While the horrific shooting of schoolchildren and their teachers was taking place inside the classrooms of Sandy Hook Elementary School on Friday morning, my students and I were discussing the final chapters of St. Augustine’s Confessions. Here is one of the passages we paused over from Book XIII:
For this worldly order in all its beauty will pass away. All these things that are very good will come to an end when the limit of their existence is reached. They have been allotted their morning and their evening.
Later in the afternoon I sat with a young woman I am reading the Hebrew bible with in an independent study and we shared our reactions to the fascinating and soul-enlivening Book of Ecclesiastes, including these famous lines:
There is a time for everything,
and a season for every activity under the heavens:
a time to be born and a time to die,
a time to plant and a time to uproot,
a time to kill and a time to heal,
a time to tear down and a time to build,
a time to weep and a time to laugh,
a time to mourn and a time to dance…
When our conversation concluded I learned that two of my students had brushes with personal tragedy and disease this week. And then I clicked over to the New York Times website and was shocked to discover what had happened in Connecticut.
The profundity and lyricism of Augustine and the preacher suddenly seemed like far-off luxuries, misplaced bromides. In the face of twenty children dying at the hands of an armed man, accepting comfort by viewing loss as the inevitable, ordered consequence of life is offensive, cruel, false. The children in Newtown had not begun to “reach the limit of their existence.” It was still the bright morning, not the “allotted evening,” of their young lives. As President Obama said in his emotional remarks on Friday afternoon, these young souls “had their entire lives ahead of them — birthdays, graduations, weddings, kids of their own.”

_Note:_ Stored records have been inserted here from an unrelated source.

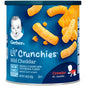 Gerber Lil' Crunchies, Cheddar and Veggie Dip, 1.48 Ounce, 4 Count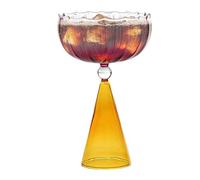 Gradient Cocktail Glasses, Irregular Wine Cup Design, 300ml Drinking Glass with Modern Style, Crystal Glass Material, Glasses with Artistic Look, Cocktail Glassware for Home Bar Party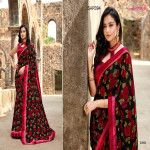 Colorful Indian Soft Jorjet Saree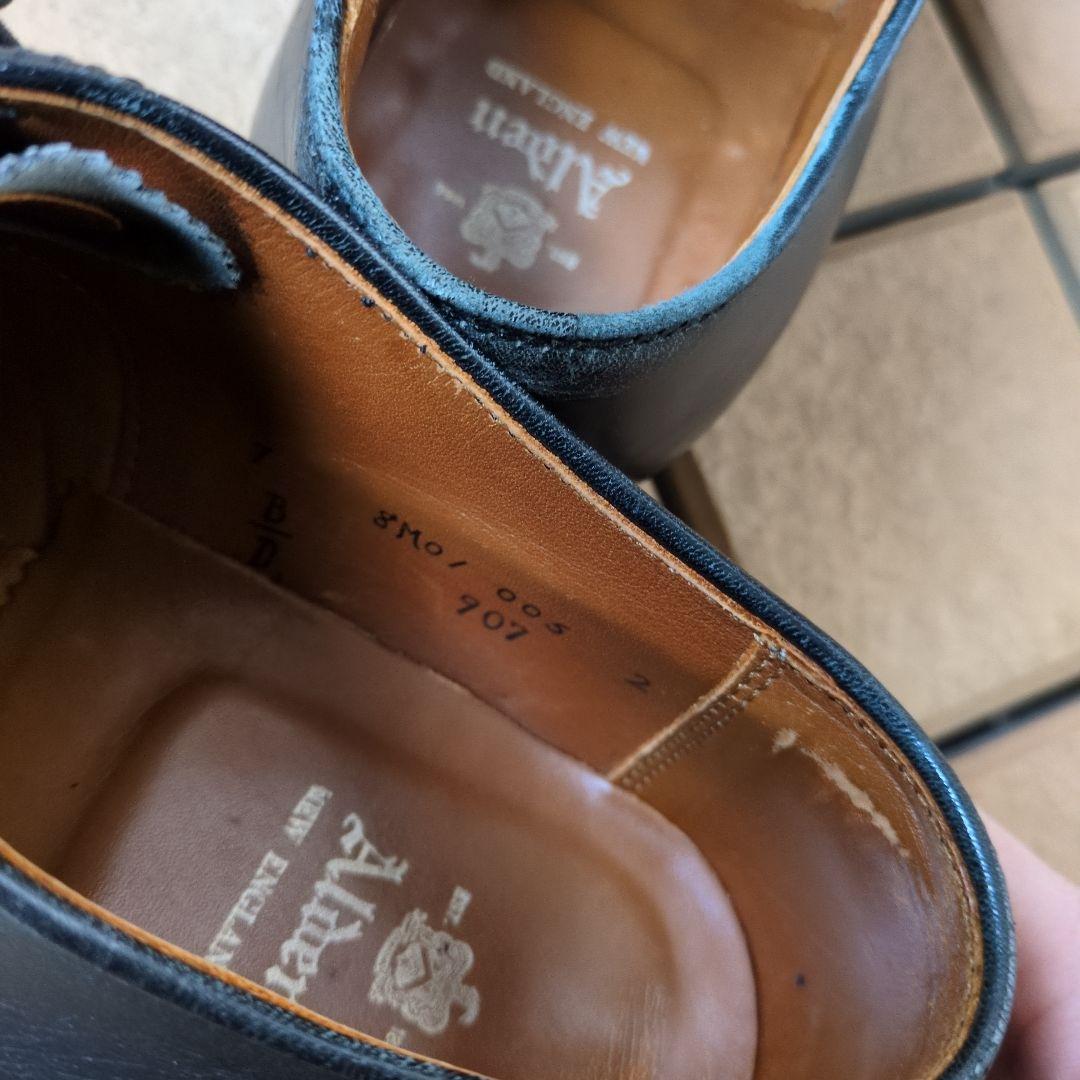 【お値下げしました】オールデン907 黒 7 約25cm 傷あり実用向け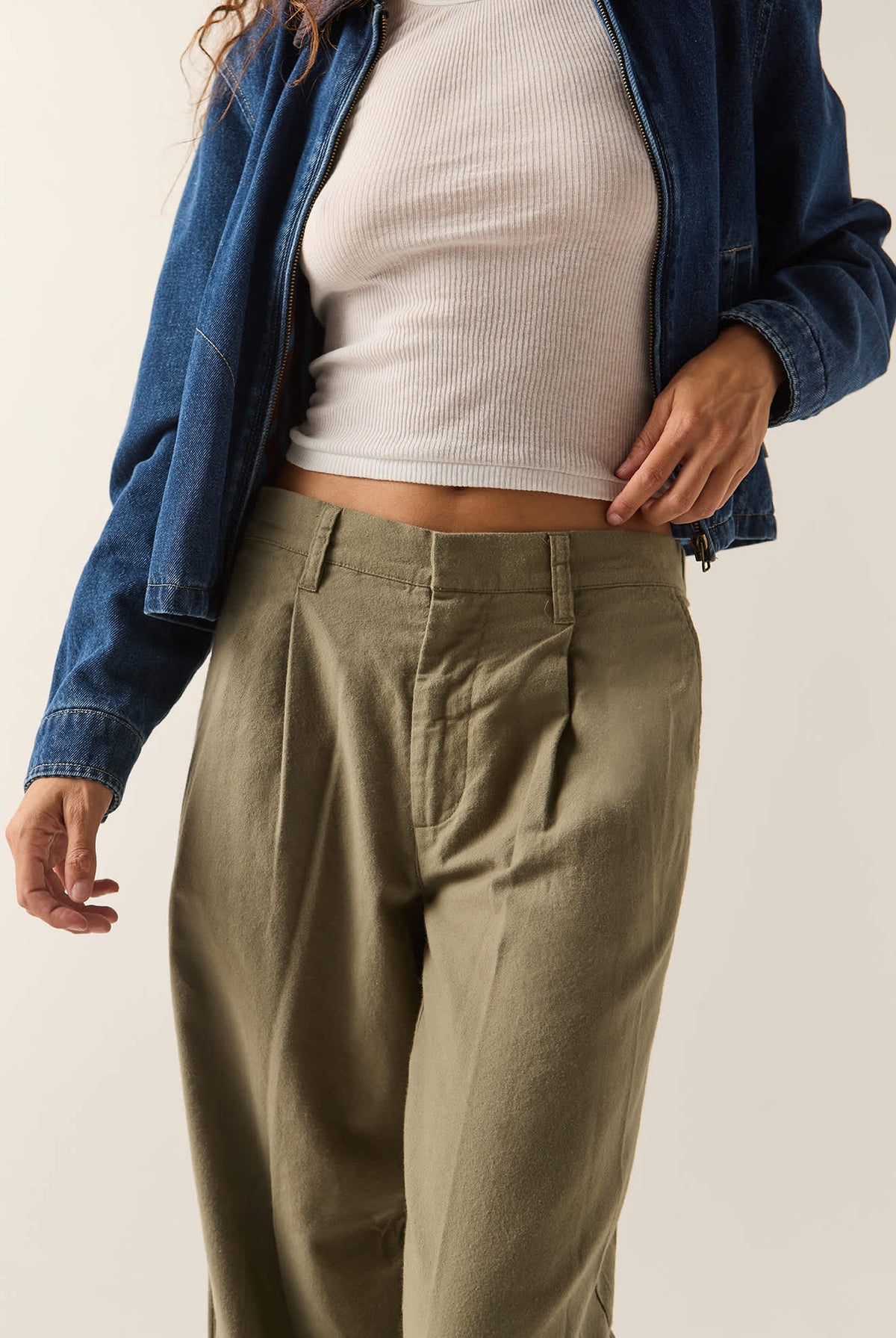 Women's Service Trouser Pant in the color Olive Surplus - Additional Fit image
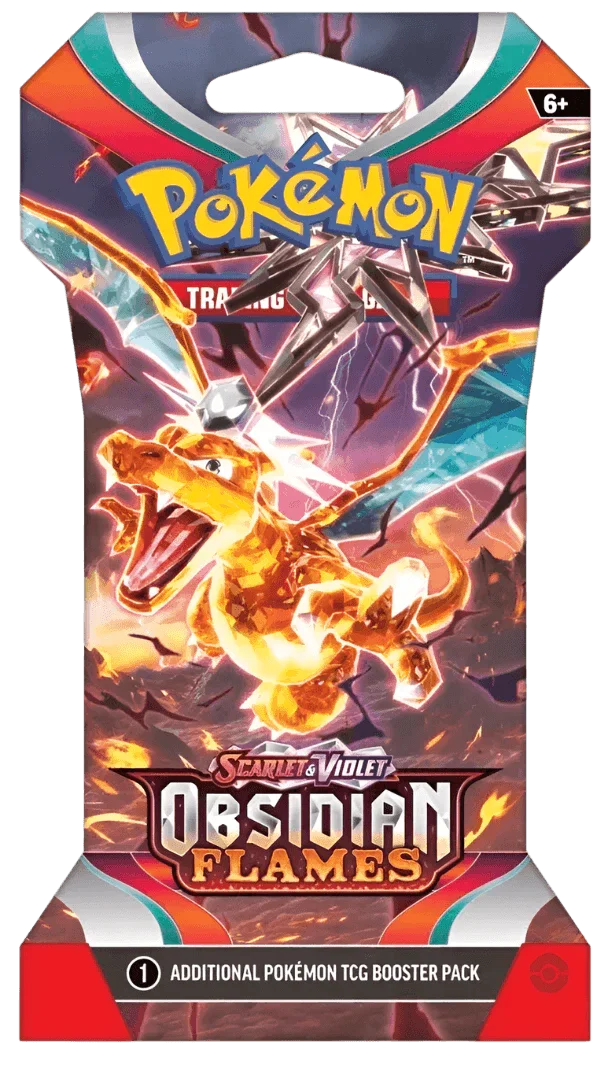 Scarlet & Violet: Obsidian Flames - Sleeved Booster Pack | Fast Shipping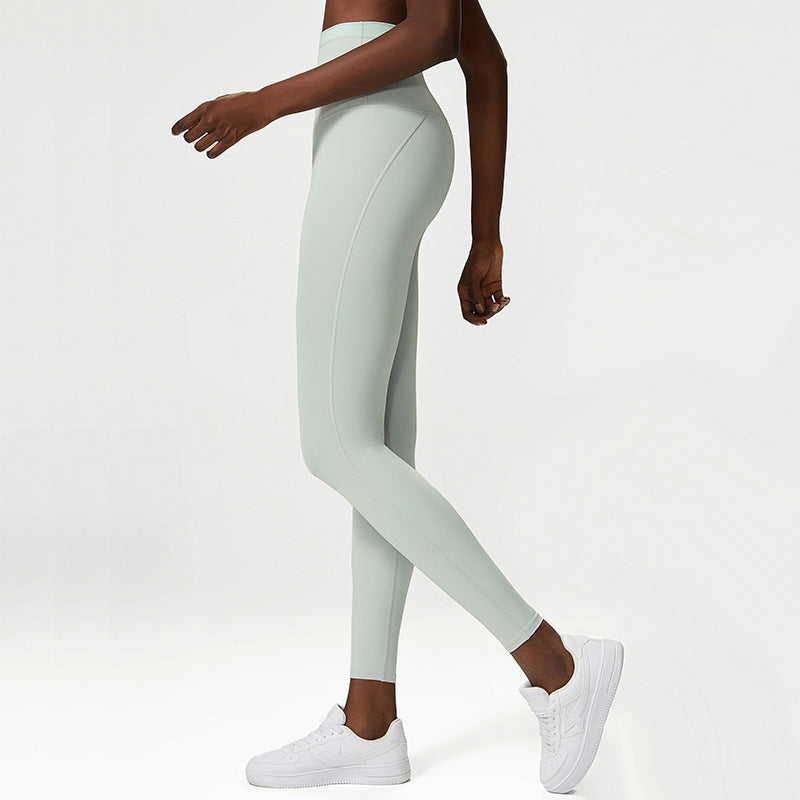Anti-roll Sports Leggings Plus Size Stretch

There is no way to understand tragedies like these in an ontological framework of the cosmos. This is what the Onion was trying to get at in its well-intentioned but, in my view, awful parody of how Americans are responding to the Connecticut massacre. The traditional religious responses to loss — it is God’s will, God works in mysterious ways, blessed is the righteous judge, there is a time for everything — are inapposite here. They seem to avoid the the matter, or to gloss it irreligiously. A godless, heinous act is a perversion of the natural order, not a reflection of it. That is the desperation and horror we feel when contemplating the bloody scene inside the elementary school: the sense that nothing but nothing can make it make sense.